# Cg Between Hagerstown, Md And Harrisburg, Pa



## mjr (Feb 17, 2007)

Hi,
I am looking for campground suggestions between Hagerstown, MD and Harrisburg, PA. Any help is appreciated.

Thanks...Matt
Outback 32BHDS


----------



## huntr70 (Jul 8, 2005)

Check out PA campground owners association on the internet.......
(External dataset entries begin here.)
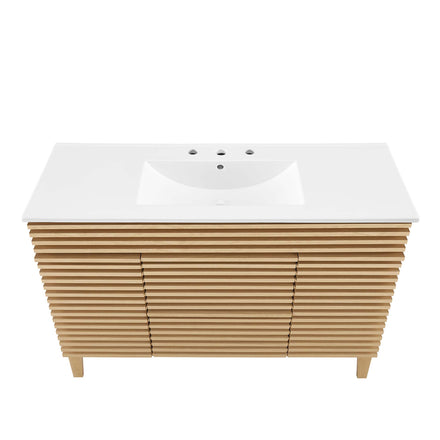 Render 48" Single Sink Bathroom Vanity in Oak White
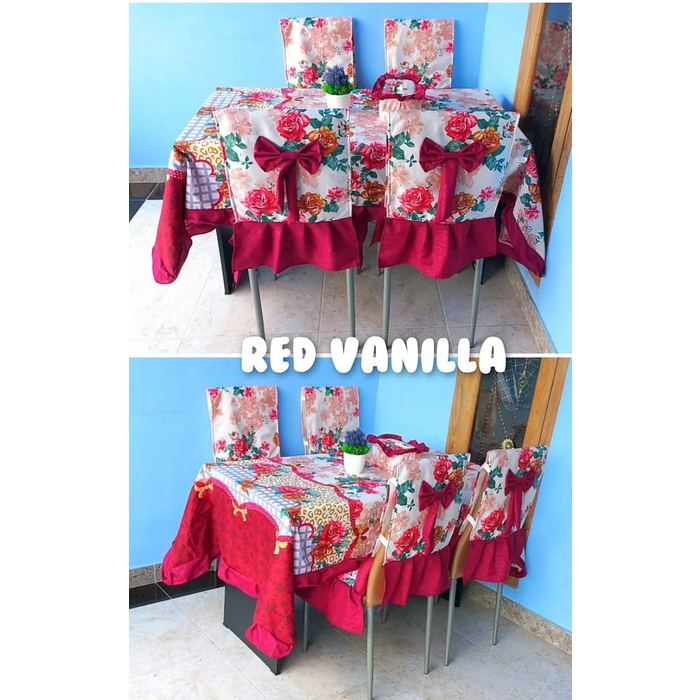 Taplak Meja Makan - Cover Kursi 4 Set // Cover Taplak Meja Makan Kotak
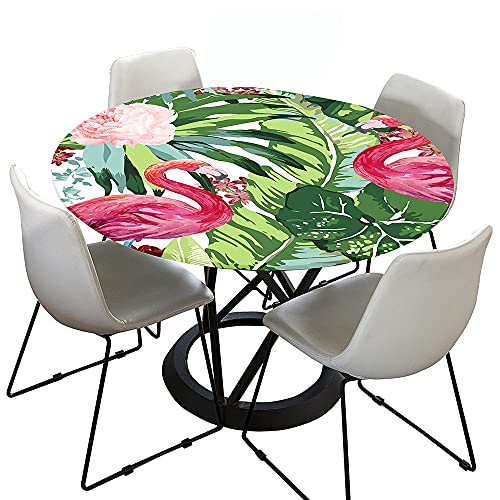 Morbuy Rund Tischdecke Elastisch, 3D Tropisch Rund Tischdecken Wasserdicht Lotuseffekt Abwaschbar Abwischbar Tischtuch für Dekoration Küchentisch Garten Outdoor (Durchmesser 120cm,Flamingo) von Morbuy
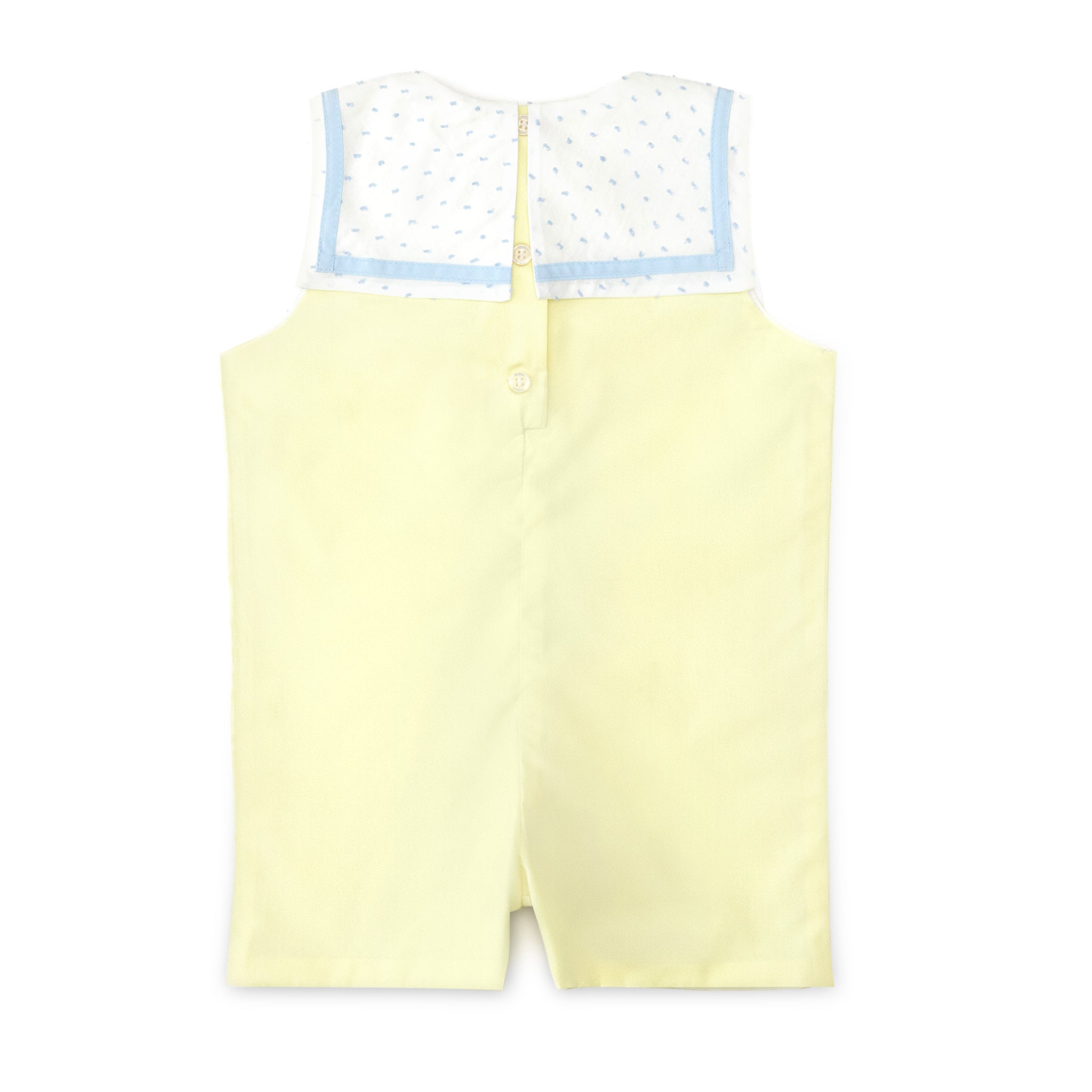 Henry Duvall Saylor Jon Jon in soft yellow fabric with blue Swiss dot sailor collar and trim, classic heirloom baby boy summer outfit
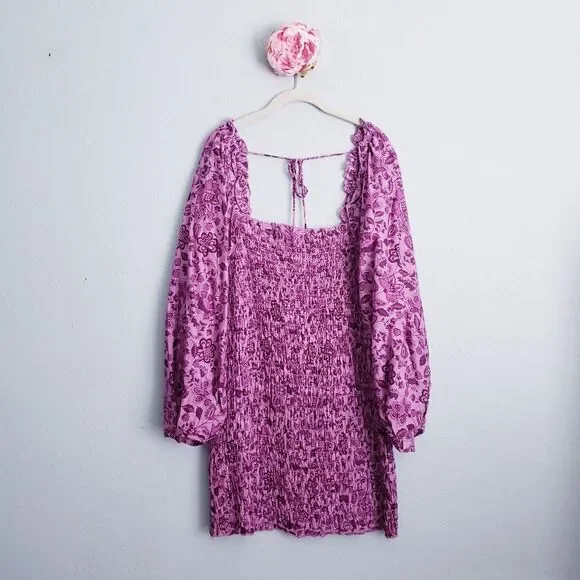 Free People Smock It To Me Purple Floral Mini Dress - Picture 1 of 8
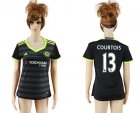 Womens Chelsea #13 Courtois Away Soccer Club Jersey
There are a few around Gettysburg.

There is one in Chambersburg called Twin Bridge Meadow Family Campground.


----------



## roo camper (Sep 17, 2008)

Drummer boy is in gettysburg and thats about half way


----------



## Fletch (May 16, 2008)

Matt,
We've stayed at the Lickdale campground outside of Harrisburg. Bery nice campground right of Rte. 81. DOn't know if its to far north for you but it had a lot for kids. There was a few gas stations and restaurants there as well as a Pilot gas station that had plent of room for any size camper in tow. Cheap too.... I hope this helps.
Fletch


----------



## 3LEES (Feb 18, 2006)

Hershey Highmeadow is a GREAT campground...with one small problem.

There is a main freight line paralleling the east side of the property. Trains run the track many times a day...and night. Safety is not an issue, just noise.

If you are using the A/C, no problem.

Lots of things to do and see in Hershey.

Dan


----------